◆ Activity ◆
Beneath this task are records; print exactly the stretch of them from the line with "WA1EECF36M1076763 2021 AUDI" through the line with "Balloon flight with", both ends included.

◆ Record extracts ◆
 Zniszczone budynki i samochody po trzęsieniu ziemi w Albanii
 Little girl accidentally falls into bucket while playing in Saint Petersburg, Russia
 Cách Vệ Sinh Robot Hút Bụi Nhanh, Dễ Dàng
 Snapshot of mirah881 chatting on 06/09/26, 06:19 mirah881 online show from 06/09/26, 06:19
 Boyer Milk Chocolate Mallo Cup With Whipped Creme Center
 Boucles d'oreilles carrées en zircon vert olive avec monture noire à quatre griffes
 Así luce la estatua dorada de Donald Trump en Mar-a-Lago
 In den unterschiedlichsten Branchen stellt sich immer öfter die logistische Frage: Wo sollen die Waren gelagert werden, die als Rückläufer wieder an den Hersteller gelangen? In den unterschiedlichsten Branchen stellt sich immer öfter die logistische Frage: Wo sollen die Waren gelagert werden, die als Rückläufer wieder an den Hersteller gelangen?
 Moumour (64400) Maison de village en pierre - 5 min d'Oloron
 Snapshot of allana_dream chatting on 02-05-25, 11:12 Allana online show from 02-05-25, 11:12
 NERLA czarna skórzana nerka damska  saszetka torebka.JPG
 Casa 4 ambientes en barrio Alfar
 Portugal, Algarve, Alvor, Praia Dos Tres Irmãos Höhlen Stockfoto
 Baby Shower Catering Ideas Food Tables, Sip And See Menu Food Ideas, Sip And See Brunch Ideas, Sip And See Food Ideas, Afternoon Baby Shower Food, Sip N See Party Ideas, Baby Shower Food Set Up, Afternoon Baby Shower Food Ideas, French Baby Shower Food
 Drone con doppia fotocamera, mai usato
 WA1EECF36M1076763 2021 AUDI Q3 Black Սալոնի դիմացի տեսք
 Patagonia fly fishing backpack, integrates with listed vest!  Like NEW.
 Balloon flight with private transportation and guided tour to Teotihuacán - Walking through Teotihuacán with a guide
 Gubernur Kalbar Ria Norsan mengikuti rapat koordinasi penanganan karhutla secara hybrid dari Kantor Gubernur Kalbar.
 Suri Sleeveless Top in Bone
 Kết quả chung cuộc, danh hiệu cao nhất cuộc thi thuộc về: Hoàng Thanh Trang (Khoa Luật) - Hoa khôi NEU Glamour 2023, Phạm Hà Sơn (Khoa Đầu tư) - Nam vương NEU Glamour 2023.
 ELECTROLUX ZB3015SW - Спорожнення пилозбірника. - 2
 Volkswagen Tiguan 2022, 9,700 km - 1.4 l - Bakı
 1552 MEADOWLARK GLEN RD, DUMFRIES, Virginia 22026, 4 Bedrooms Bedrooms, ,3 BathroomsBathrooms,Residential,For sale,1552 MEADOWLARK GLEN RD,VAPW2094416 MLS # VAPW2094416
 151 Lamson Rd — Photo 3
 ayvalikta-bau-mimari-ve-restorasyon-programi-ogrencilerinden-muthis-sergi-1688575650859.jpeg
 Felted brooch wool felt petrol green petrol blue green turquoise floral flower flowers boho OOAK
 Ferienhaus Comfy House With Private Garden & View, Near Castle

◆ Result of this exercise ◆
 WA1EECF36M1076763 2021 AUDI Q3 Black Սալոնի դիմացի տեսք
 Patagonia fly fishing backpack, integrates with listed vest!  Like NEW.
 Balloon flight with private transportation and guided tour to Teotihuacán - Walking through Teotihuacán with a guide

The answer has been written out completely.